Apartheid, tanım olarak bir ırksal grubun diğer bir ırksal grup üzerinde denetim altına alma amaçlı, yasalar, politikalar ve uygulamalar aracılığıyla kurduğu kurumsallaşmış baskı ve tahakküm rejimidir, sistematik, uzun süreli ve zalimane muameledir. Ancak bu suç, salt olarak bir ırksal grubun sürekli olarak zalimane eylemlere maruz kalmasını da gerektirmiyor. Buradaki kilit unsur, eylemlerin geniş etkili biçimde yasalar, politikalar ve uygulamalardan oluşan bir sistemlilik içerisinde gerçekleşmesi. İşte raporumuz esasen bu sistemliliği ve etki alanındaki genişliği ortaya koyuyor aslında. Zira, apartheid suçunu tespit için, bir baskı ve tahakküm sisteminin yürürlükte olduğunu göstermek gerekiyordu.
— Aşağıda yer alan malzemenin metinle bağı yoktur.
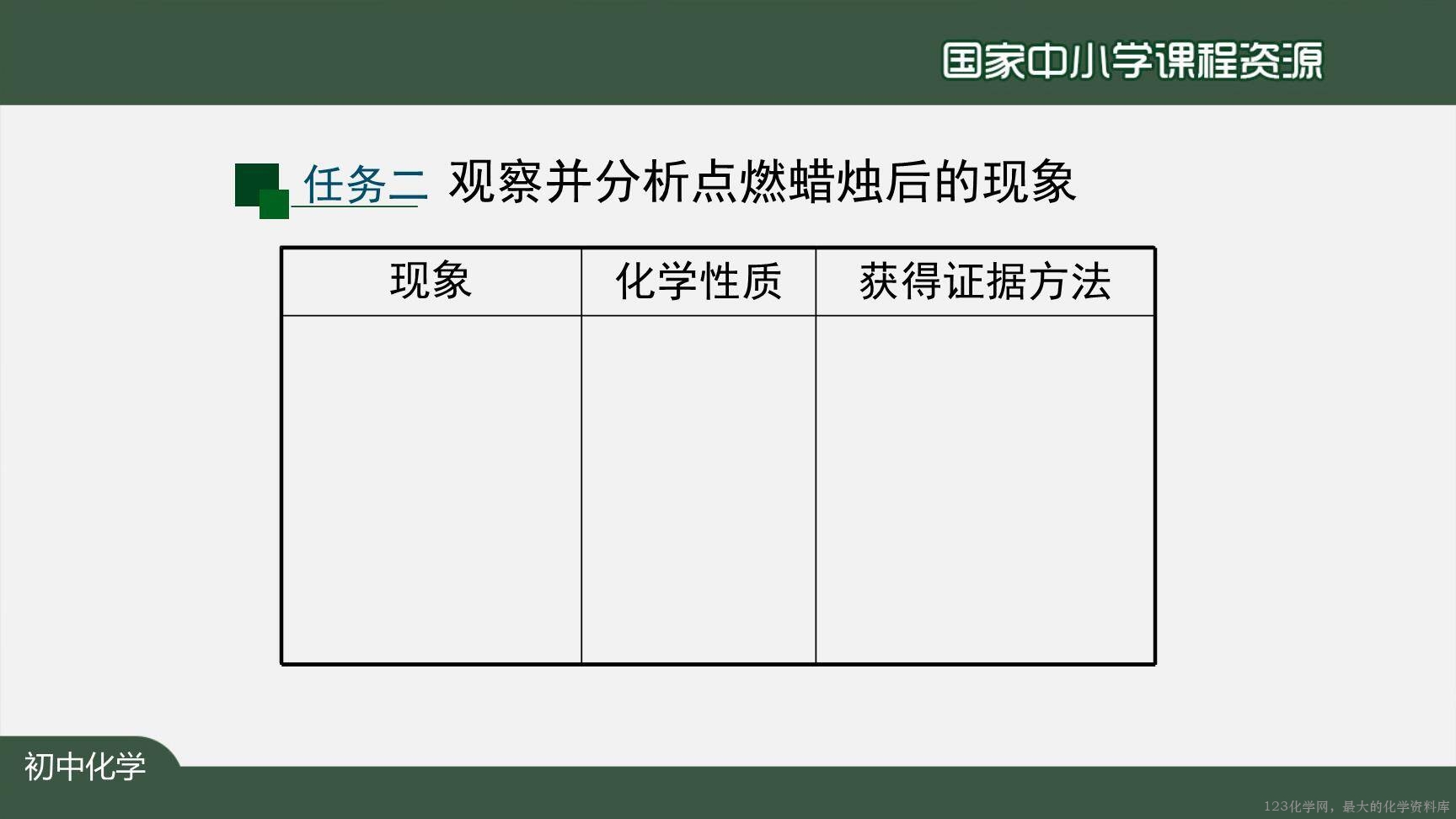 0908化学是一门以实验为基础的科学(第一课时)上传模板-21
Uluslararası kamu hukukunun ihlali olarak apartheid, çok ciddi bir insan hakları ihlali ve insanlığa karşı işlenen bir suçtur. Suçun tanımı Apartheid Suçunun Önlenmesi ve Cezalandırılmasına İlişkin Uluslararası Sözleşme’de ve Uluslararası Ceza Mahkemesi’nin Roma Statüsü’nde düzenleniyor.
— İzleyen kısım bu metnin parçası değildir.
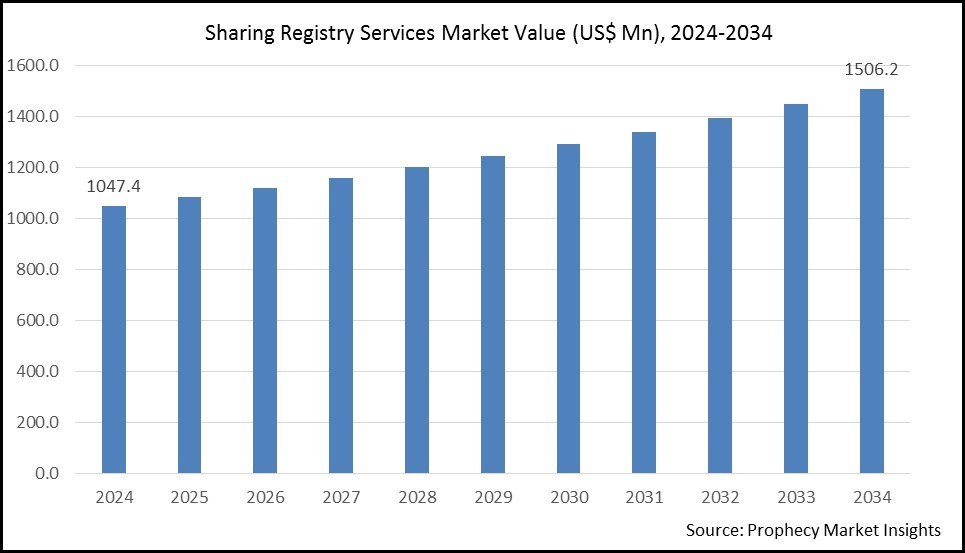 Sharing Registry Services Market Size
Apartheid kavramı üzerinden akıllara hemen ilk olarak Güney Afrika örneğinin gelmesi normal, zira uluslararası toplum bu kavramı Güney Afrika’daki siyasal sisteme bir tepki olarak kullanmaya başladı. Ancak elbette bu suçu tanımlayan, yasaklayan, suç sayan sözleşmeler evrensel düzlemde kaleme alındı. Bu bağlamda, farklı dönemlerde ve yerlerde yaşanan ve benzer türden ihlallerin aynı olduğu ya da karşılaştırılabilir olduğunu iddia etmeyiz. Bunları ayrı biçimde ele alırız. Örneğin, 2017’de de Myanmar hükümetinin Arakanlı Müslümanları bir apartheid sistemine tabi tuttuğunu tespit eden bir rapor yayımladık. Ancak şunu mutlaka vurgulamam gerekiyor ki, baskı ve tahakküm sistemleri özdeş değildir, devletlerin gerçekleştirdiği ihlallerde ve uyguladıklarında karşılaştırmalar yapmaya çalışmıyoruz, sağlıklı bir değerlendirme için her birini koşullara ve araştırmalarımızın bileşenlerine göre elbette özgün olarak ele alıyor ve değerlendiriyoruz.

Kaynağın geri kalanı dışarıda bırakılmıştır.